SimpleDet Docs

Datasets

SimpleDet can inspect several dataset formats, but the suite plus pipeline workflow is still centered on COCO-style annotations.

Overview Quickstart Core Concepts API Reference

Use this page to decide which dataset formats are suitable for exploration and which ones must be converted before full training.

Supported loader formats

Format	Status	Notes
`coco`	Implemented	COCO JSON with boxes normalized from xywh to xyxy
`csv`	Implemented	Flat annotation tables with path, bbox, label, and optional split columns
`json` / `jsonl` / `ndjson`	Implemented	Simple records as a JSON list, records object, or line-delimited objects
`yolo`	Implemented	YOLO TXT labels with split inferred from label subfolders
`voc`	Implemented	Pascal VOC XML with ImageSets split files when present

Recommended layout

dataset_root/
  annotations/
    instances_train.json
    instances_val.json
    instances_test.json
  images/
    image_0001.png
    image_0002.png

Normalized loader payload

load_dataset() returns images, annotations, samples, categories, category_map, splits, and meta for every supported adapter. Annotation boxes use x_min, y_min, x_max, and y_max. Image, annotation, and sample records carry the resolved split so training helpers can filter deterministically.

COCO example

{
  "images": [{"id": 1, "file_name": "image_0001.png", "width": 1024, "height": 1024}],
  "annotations": [{"id": 1, "image_id": 1, "category_id": 0, "bbox": [100, 120, 50, 80], "area": 4000, "iscrowd": 0}],
  "categories": [{"id": 0, "name": "vessel"}]
}

Practical rule

Use generic loaders for data exploration and the lightweight helpers.

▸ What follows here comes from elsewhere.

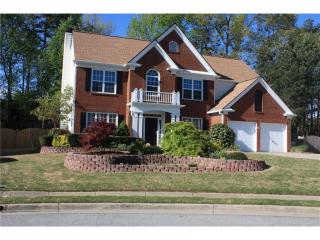 330 Gaines Oak Way, Suwanee, GA 30024-7358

Convert to COCO JSON before using the native runtime helpers with detector_spec=.... The native datamodule resolves Annotations/train_annotations.json, Annotations/val_annotations.json, Annotations/test_annotations.json, or matching annotations/instances_*.json files, supports shared and split-specific paired image/target transforms, then raises NativeDataValidationError during setup if the requested training, validation, or test split has no samples.